Olvera Street is a historic marketplace in the heart of Downtown Los Angeles. A part of El Pueblo Historic Park, an entire plaza serves as a site of intensely racialized commerce. Mexican restaurants, fruit vendors, clothing, candy, goods, and bright, multicolored papeles picados mark the space in important ways. Mexican American identity intrinsically defines the plaza and its history. Despite its 1930 origins with a wealthy, Anglo socialite, Olvera Street represents an economic path in which Mexican Americans found a place in LA (Trausch, “History”). Selling cultural goods to preserve a space and a history. Yet if we are looking for Chicana political consciousness, the closer we look the farther it seems. The seemingly apolitical yet culturally dense nature of Olvera Street makes it an incredibly important piece of project. Though we weren’t able to establish many community connections at the marketplace itself, we ventured across the street to Los Angeles Plaza de Artes y Culturas, and we were incredibly pleased with what we found.

III. LA Plaza de Artes y Culturas

LA Plaza is a museum, a cultural hub, and a community forum. We were lucky enough to see exhibits, such as L.A. Memo: Chicana/o Art From 1972-1989 and Patriotism in Conflict: Fighting for Country and Comunidad. Both exhibits were phenomenal, but the latter was especially helpful for our project. It included quotes, documentaries, and clothes from Mexican American communities, all centered around World War II, the Korean War, to the Vietnam War, and the rising Chicana/o Movement.
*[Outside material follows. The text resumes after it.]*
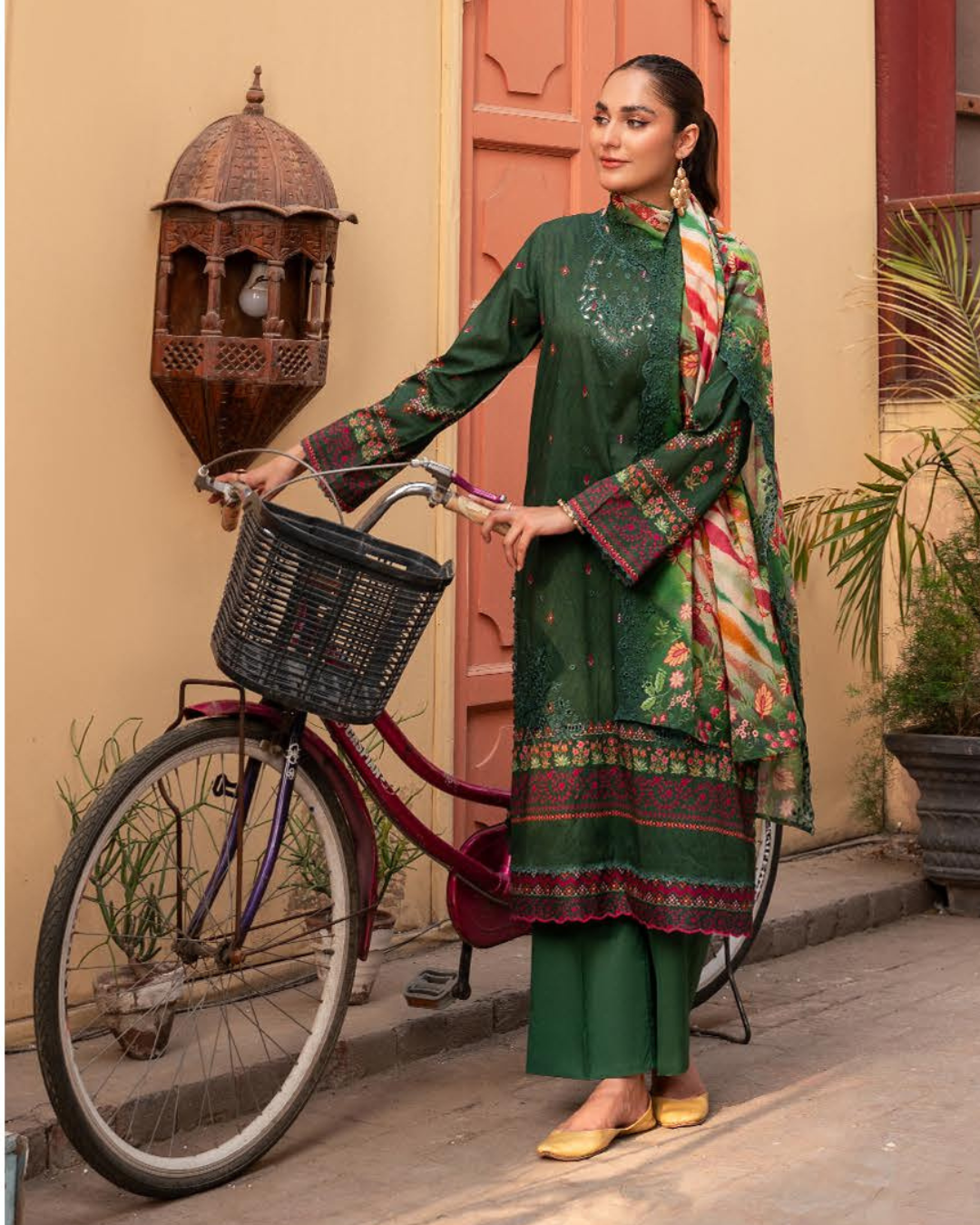 Woman in green traditional outfit with a colorful scarf, standing next to a bicycle in an outdoor setting.
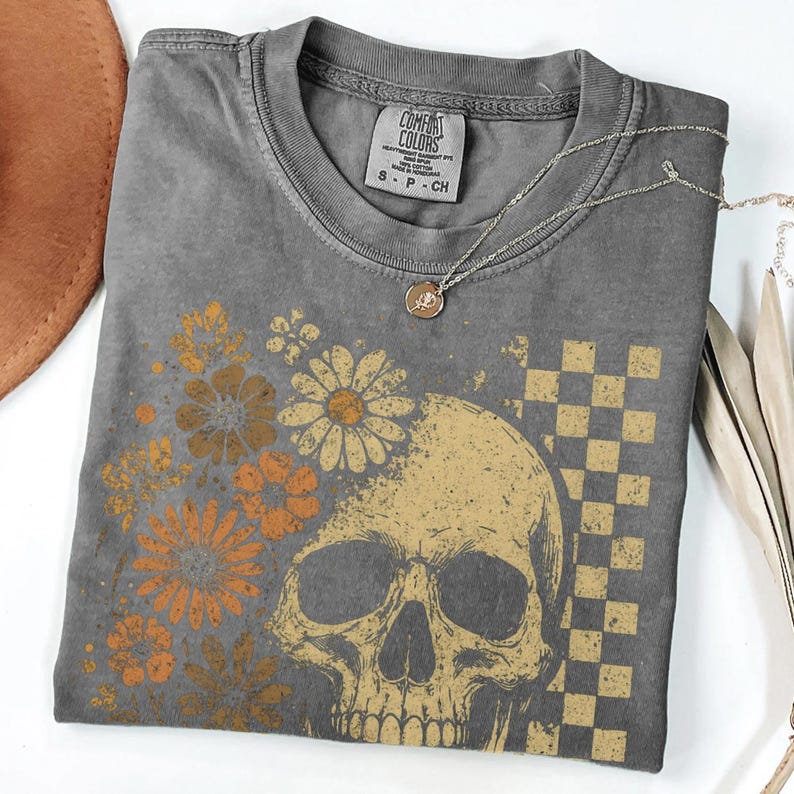 May include: A gray Comfort Colors t-shirt featuring a skull graphic with floral and checkered elements in shades of gold and orange. A silver necklace with a pendant rests on the shirt.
After meeting and talking with Esperanza Sanchez, associate curator, who organized this exhibit, we were able to establish a connection to talk to Gloria Arellanos, renowned Brown Beret. Gloria Arellanos’ activism and life’s work sits at the core of señora power. This exhibit as much as it could to her story, displaying images of her and friends protesting, picketing, and cheering each other on. Yet there’s much to be heard and learned from Arellanos, and with our new connection, we hope to create community with her, talking with her about the various modes that activism and community resourcing looked like during her time as a Brown Beret.

IV. Products In-Process

This trip helped us further develop 4 products that will be put back into the community as education and preservation tools. The first are oral interviews. We are in the process of receiving IRB approval to start contacting señoras of Mexican descent to speak to each site’s history or context. These oral interviews will reveal 1. how these sites became so important to Mexican American history, 2. how their own political conscious emerged and grew, and 3. how the narratives speak to the overall trajectory of Chicana development in both Houston and LA. The second is a website. This website will host a map with each site, the relevant history, and profile on every señora we want to highlight per physical location. The oral interviews will be posted to the website, along with relevant archival data. The third is a podcast. Arguably, our most public-facing product– this podcast will hone in on each señora– interviewed and/or in the archive. We will explain who they were, what they did in their lifetime, and how their story is a little piece to the overarching puzzle that is Chicana political consciousness. Finally, our last product is a physical pamphlet. Our goal is always for this information to accessible to as many Mexican American communities as possible, so we have designs for a handheld document to share at our highlighted spots. But also, in other local spaces like washaterias and grocery stores. Our goal with these products are to give back as much of the history and stories we find to the same communities who our señoras helped.